* _MATERIAL PROVIDED_
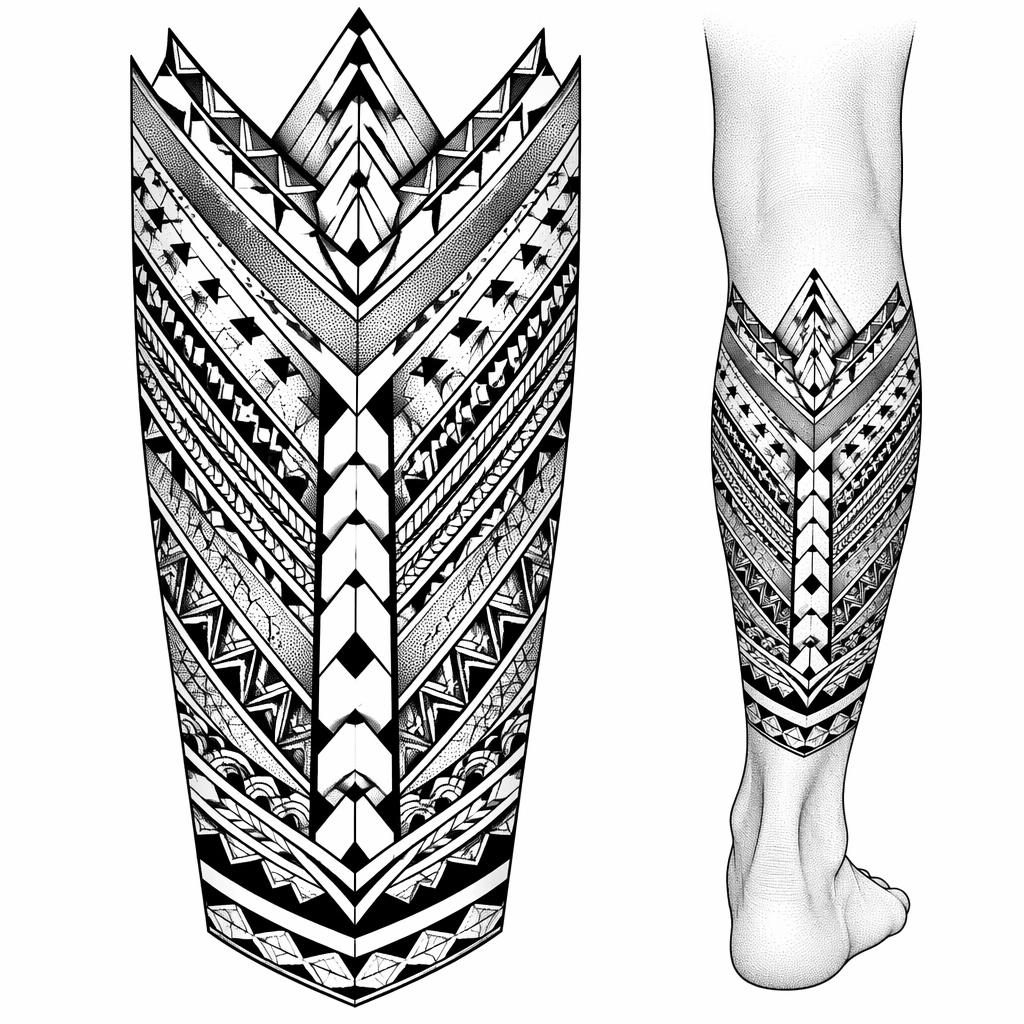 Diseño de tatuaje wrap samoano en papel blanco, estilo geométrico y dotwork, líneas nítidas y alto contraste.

---

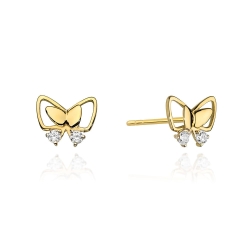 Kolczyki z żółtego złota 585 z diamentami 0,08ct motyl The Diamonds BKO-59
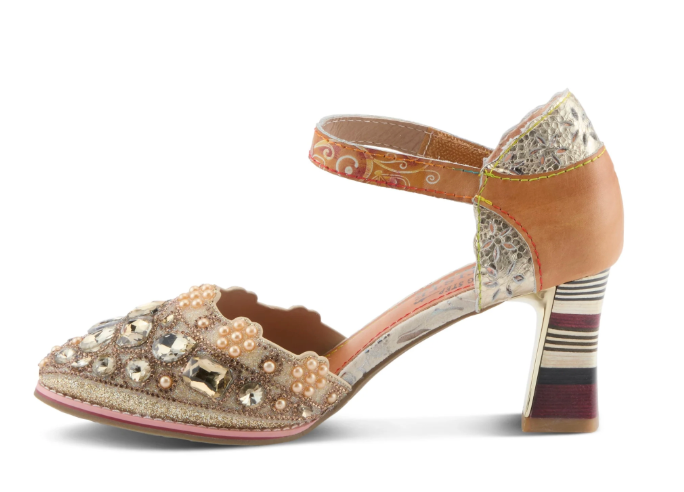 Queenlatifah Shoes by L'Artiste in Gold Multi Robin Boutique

--

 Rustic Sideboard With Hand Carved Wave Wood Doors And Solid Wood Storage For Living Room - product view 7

* _PROBLEM DESCRIPTION_
Using the data above, transcribe exactly the lines between those containing "Kolczyki z żółtego" and "Queenlatifah Shoes by", inclusive, and leave every picture behind.

* _REPLY TO THE TASK_
 Kolczyki z żółtego złota 585 z diamentami 0,08ct motyl The Diamonds BKO-59
 Queenlatifah Shoes by L'Artiste in Gold Multi Robin Boutique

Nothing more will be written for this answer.